DIRECTIONS: Using the data below, set down every line from the one containing "an industrial style" through the one containing "Victorian Sterling French", inclusive and unchanged. Pictures are to be skipped.

ENTRIES SUPPLIED:

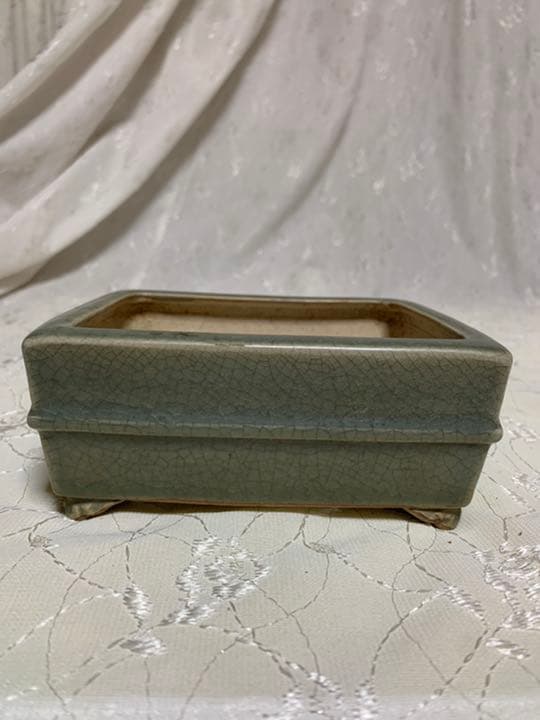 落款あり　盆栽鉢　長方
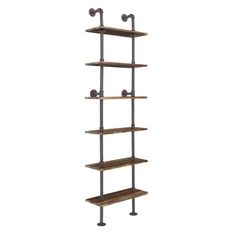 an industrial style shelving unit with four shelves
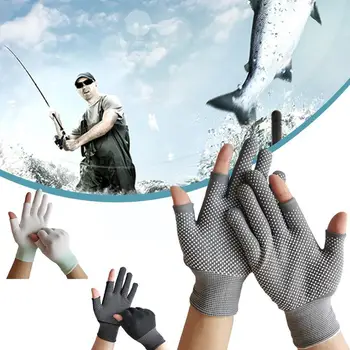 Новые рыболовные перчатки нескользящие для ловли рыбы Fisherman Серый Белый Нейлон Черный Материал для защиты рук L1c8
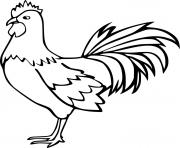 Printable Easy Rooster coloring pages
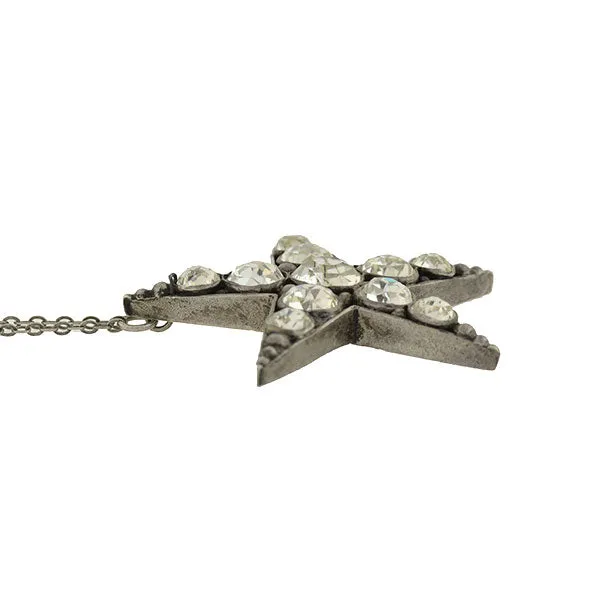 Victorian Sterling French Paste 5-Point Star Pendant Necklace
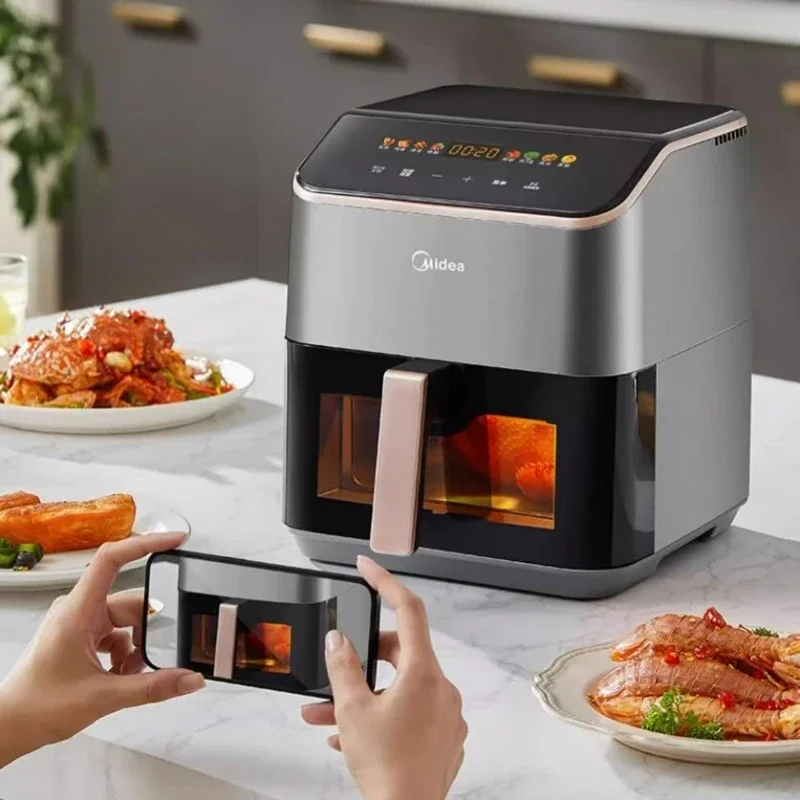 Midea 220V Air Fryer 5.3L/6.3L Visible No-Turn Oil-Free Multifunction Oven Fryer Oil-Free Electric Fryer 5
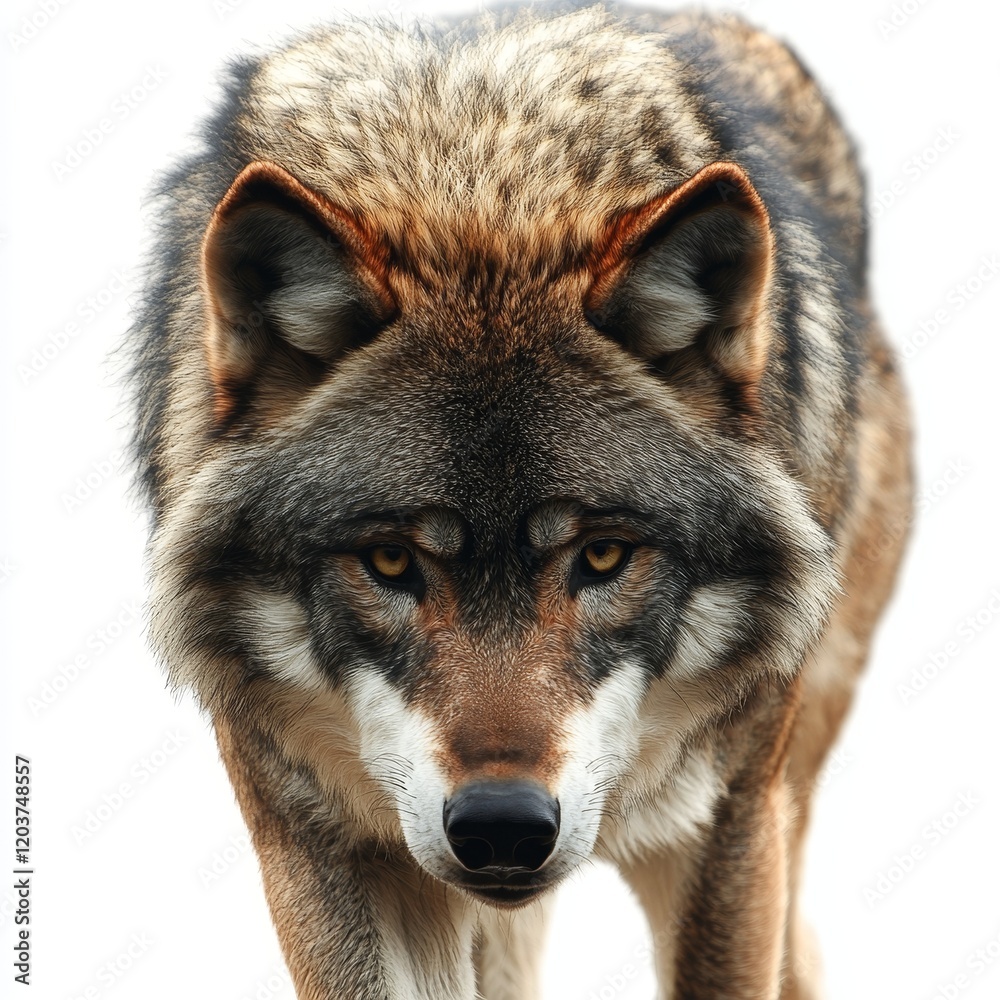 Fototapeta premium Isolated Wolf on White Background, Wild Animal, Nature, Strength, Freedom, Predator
---
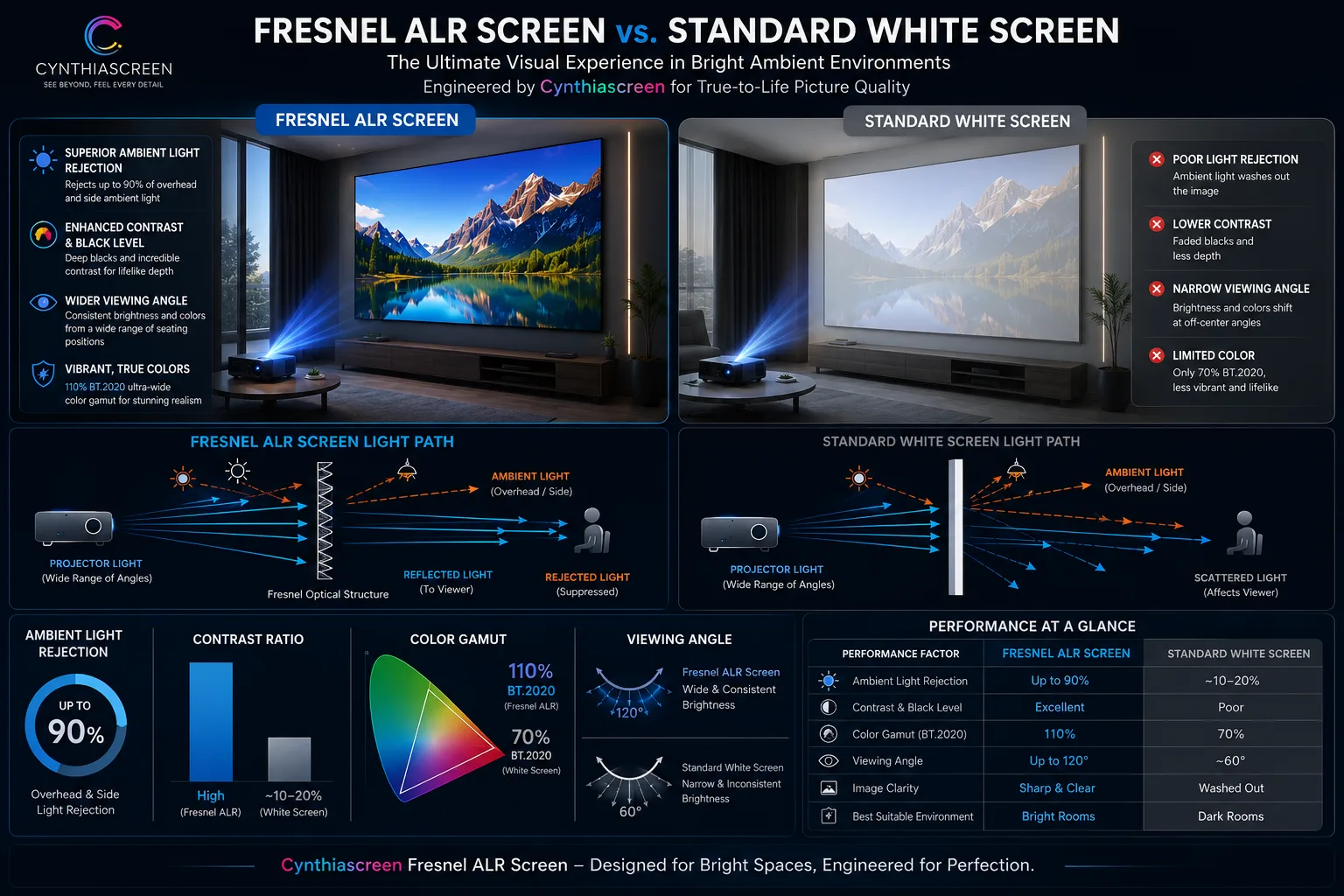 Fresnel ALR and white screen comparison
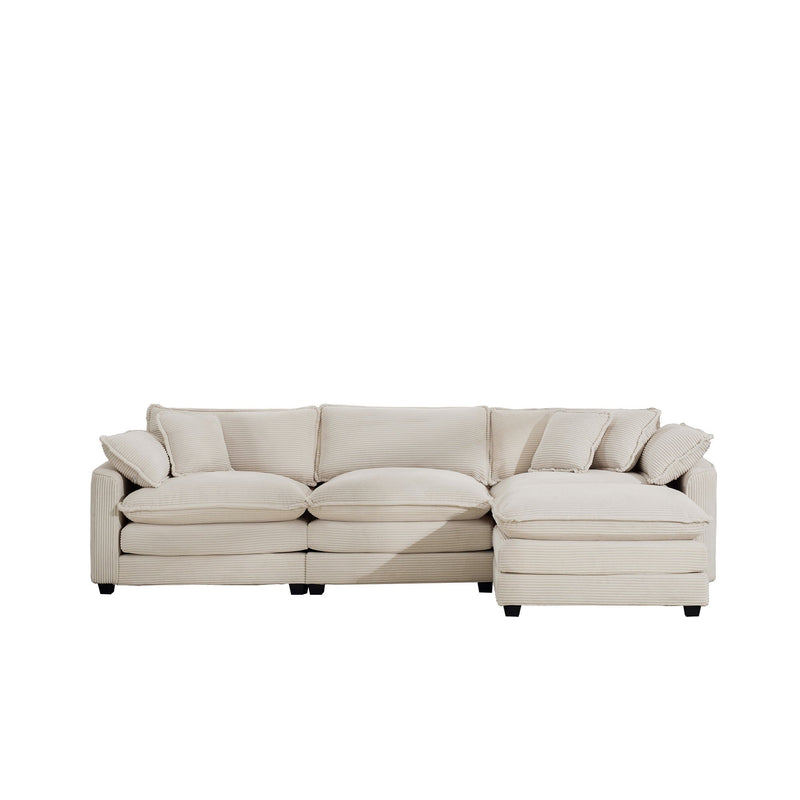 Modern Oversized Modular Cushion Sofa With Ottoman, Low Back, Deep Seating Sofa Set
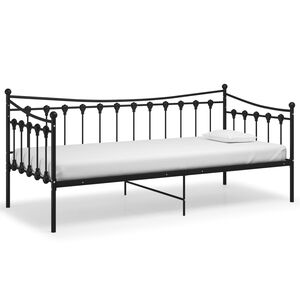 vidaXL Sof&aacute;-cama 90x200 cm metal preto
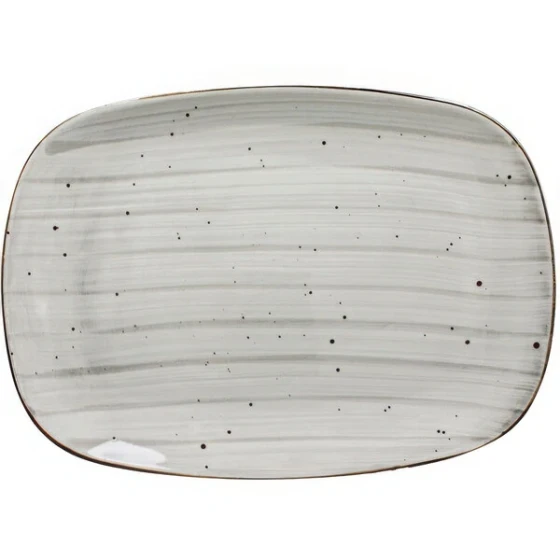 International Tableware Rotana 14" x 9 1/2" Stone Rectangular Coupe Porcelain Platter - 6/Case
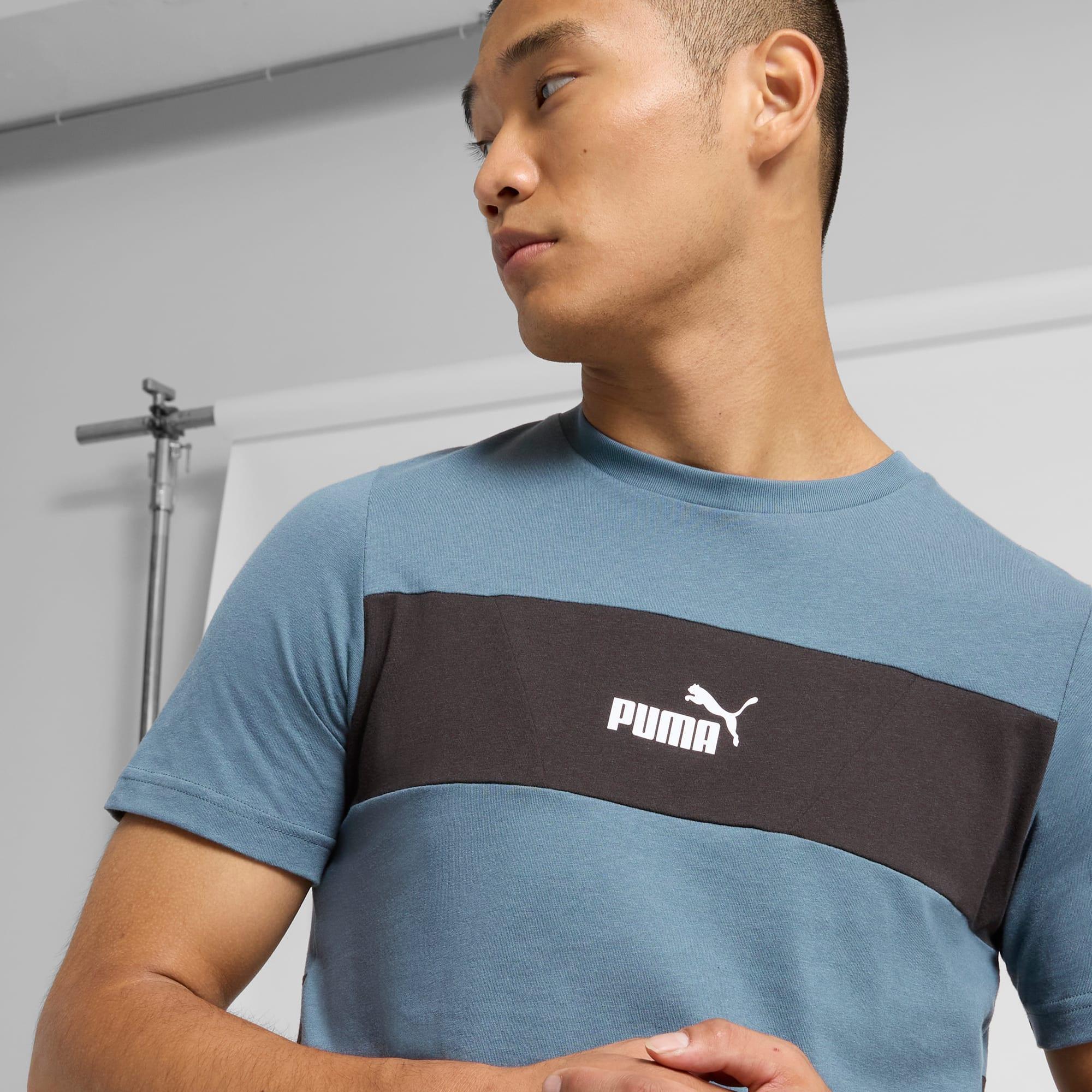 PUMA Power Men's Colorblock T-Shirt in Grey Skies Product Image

ANSWER FOR THE TASK:
 an industrial style shelving unit with four shelves
 Новые рыболовные перчатки нескользящие для ловли рыбы Fisherman Серый Белый Нейлон Черный Материал для защиты рук L1c8
 Printable Easy Rooster coloring pages
 Victorian Sterling French Paste 5-Point Star Pendant Necklace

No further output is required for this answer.